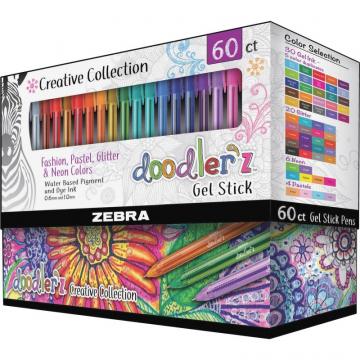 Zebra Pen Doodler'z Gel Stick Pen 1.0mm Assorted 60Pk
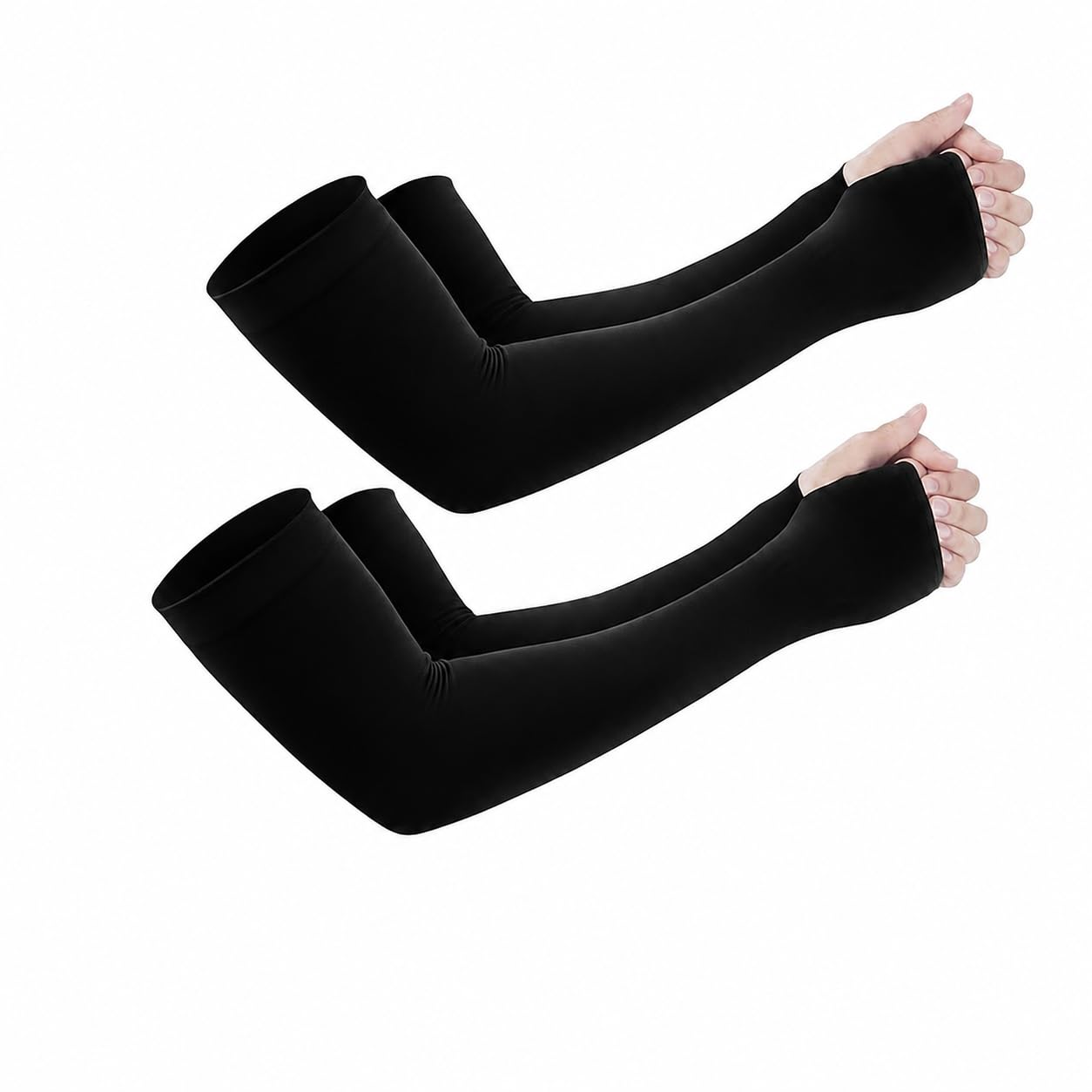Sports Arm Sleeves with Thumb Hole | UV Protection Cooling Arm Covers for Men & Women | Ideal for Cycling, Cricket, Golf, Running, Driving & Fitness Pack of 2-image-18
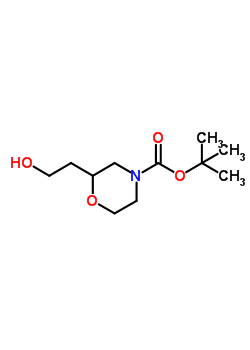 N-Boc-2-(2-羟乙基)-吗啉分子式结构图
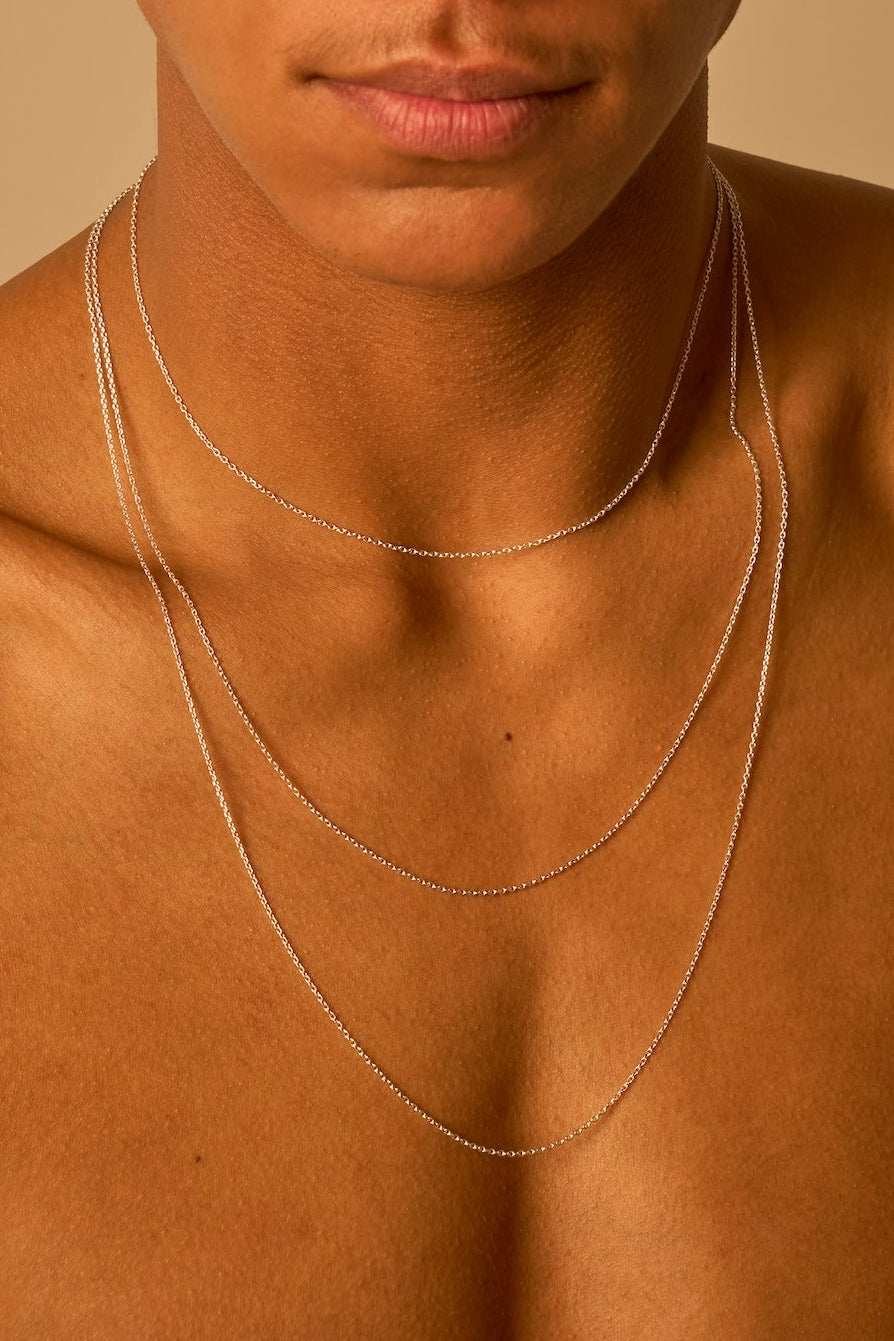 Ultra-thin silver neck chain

==========

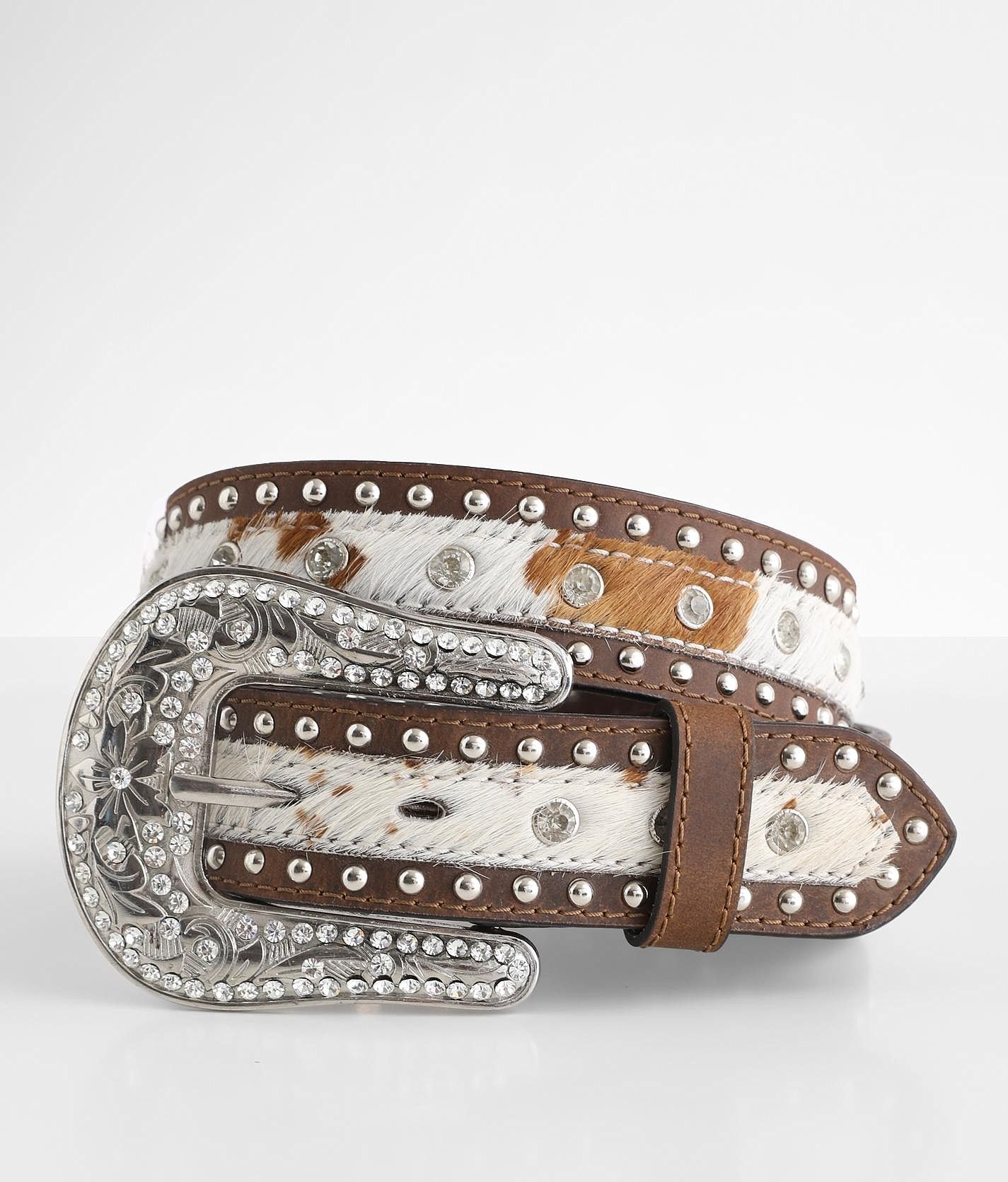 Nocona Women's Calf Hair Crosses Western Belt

==========

Task details. Given the listing above, repeat exactly the lines starting at the one with "Sports Arm Sleeves" and ending at the one with "Ultra-thin silver neck chain", inclusive, excluding pictures.

Completed exercise.
Sports Arm Sleeves with Thumb Hole | UV Protection Cooling Arm Covers for Men & Women | Ideal for Cycling, Cricket, Golf, Running, Driving & Fitness Pack of 2-image-18
 N-Boc-2-(2-羟乙基)-吗啉分子式结构图
 Ultra-thin silver neck chain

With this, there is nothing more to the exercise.